The tag can be found all over the document (inside table, text, paragraph, as also header and footer).

I'm coding in Visual Studio 2013 .NET 4.5 but I can get back if needed. P.S. I would prefer code without use of Office Interop API since the destination platform will not run Office.
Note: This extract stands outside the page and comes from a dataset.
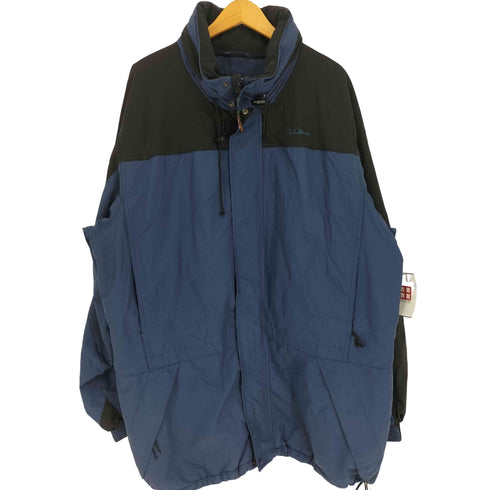 エルエルビーン L.L.Bean ロゴ刺繍 切替 2WAY ナイロン マウンテン ジャケット メンズ import:XXL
The smallest .docx example I can produce store this inside document

<?xml version="1.0" encoding="UTF-8" standalone="yes"?>
<w:document xmlns:wpc="http://schemas.microsoft.com/office/word/2010/wordprocessingCanvas" xmlns:mc="http://schemas.openxmlformats.org/markup-compatibility/2006" xmlns:o="urn:schemas-microsoft-com:office:office" xmlns:r="http://schemas.openxmlformats.org/officeDocument/2006/relationships" xmlns:m="http://schemas.openxmlformats.org/officeDocument/2006/math" xmlns:v="urn:schemas-microsoft-com:vml" xmlns:wp14="http://schemas.microsoft.com/office/word/2010/wordprocessingDrawing" xmlns:wp="http://schemas.openxmlformats.org/drawingml/2006/wordprocessingDrawing" xmlns:w10="urn:schemas-microsoft-com:office:word" xmlns:w="http://schemas.openxmlformats.org/wordprocessingml/2006/main" xmlns:w14="http://schemas.microsoft.com/office/word/2010/wordml" xmlns:w15="http://schemas.microsoft.com/office/word/2012/wordml" xmlns:wpg="http://schemas.microsoft.com/office/word/2010/wordprocessingGroup" xmlns:wpi="http://schemas.microsoft.com/office/word/2010/wordprocessingInk" xmlns:wne="http://schemas.microsoft.com/office/word/2006/wordml" xmlns:wps="http://schemas.microsoft.com/office/word/2010/wordprocessingShape" mc:Ignorable="w14 w15 wp14">
<w:body>
<w:p w:rsidR="00CA7780" w:rsidRDefault="00815E5D">
  <w:pPr>
    <w:rPr>
      <w:lang w:val="en-GB"/>
    </w:rPr>
  </w:pPr>
  <w:r>
    <w:rPr>
      <w:lang w:val="en-GB"/>
    </w:rPr>
    <w:t>TRY</w:t>
  </w:r>
</w:p>
<w:p w:rsidR="00815E5D" w:rsidRDefault="00815E5D">
  <w:pPr>
    <w:rPr>
      <w:lang w:val="en-GB"/>
    </w:rPr>
  </w:pPr>
  <w:proofErr w:type="gramStart"/>
  <w:r>
    <w:rPr>
      <w:lang w:val="en-GB"/>
    </w:rPr>
    <w:t>&lt;!TAG1</w:t>
  </w:r>
  <w:proofErr w:type="gramEnd"/>
  <w:r>
    <w:rPr>
      <w:lang w:val="en-GB"/>
    </w:rPr>
    <w:t>!&gt;</w:t>
  </w:r>
</w:p>
<w:p w:rsidR="00815E5D" w:rsidRPr="00815E5D" w:rsidRDefault="00815E5D">
  <w:pPr>
    <w:rPr>
      <w:lang w:val="en-GB"/>
    </w:rPr>
  </w:pPr>
  <w:r>
    <w:rPr>
      <w:lang w:val="en-GB"/>
    </w:rPr>
    <w:t>TRY2</w:t>
  </w:r>
  <w:bookmarkStart w:id="0" w:name="_GoBack"/>
  <w:bookmarkEnd w:id="0"/>
</w:p>
<w:sectPr w:rsidR="00815E5D" w:rsidRPr="00815E5D">
  <w:pgSz w:w="11906" w:h="16838"/>
  <w:pgMar w:top="1417" w:right="1134" w:bottom="1134" w:left="1134" w:header="708" w:footer="708" w:gutter="0"/>
  <w:cols w:space="708"/>
  <w:docGrid w:linePitch="360"/>
</w:sectPr>
</w:body>
</w:document>

Best Regards, Mike

304

asked Feb 24 '15 13:02

weirdgyn

1 Answers

The problem with trying to find tags is that words are not always in the underlying XML in the format that they appear to be in Word. For example, in your sample XML the <!TAG1!> tag is split across multiple runs like this:

<w:r>
    <w:rPr>
        <w:lang w:val="en-GB"/>
    </w:rPr>
    <w:t>&lt;!TAG1</w:t>
</w:r>
<w:proofErr w:type="gramEnd"/>
    <w:r>
    <w:rPr>
        <w:lang w:val="en-GB"/>
    </w:rPr>
    <w:t>!&gt;</w:t>
</w:r>

As pointed out in the comments this is sometimes caused by the spelling and grammar checker but that's not all that can cause it. Having different styles on parts of the tag could also cause it for example.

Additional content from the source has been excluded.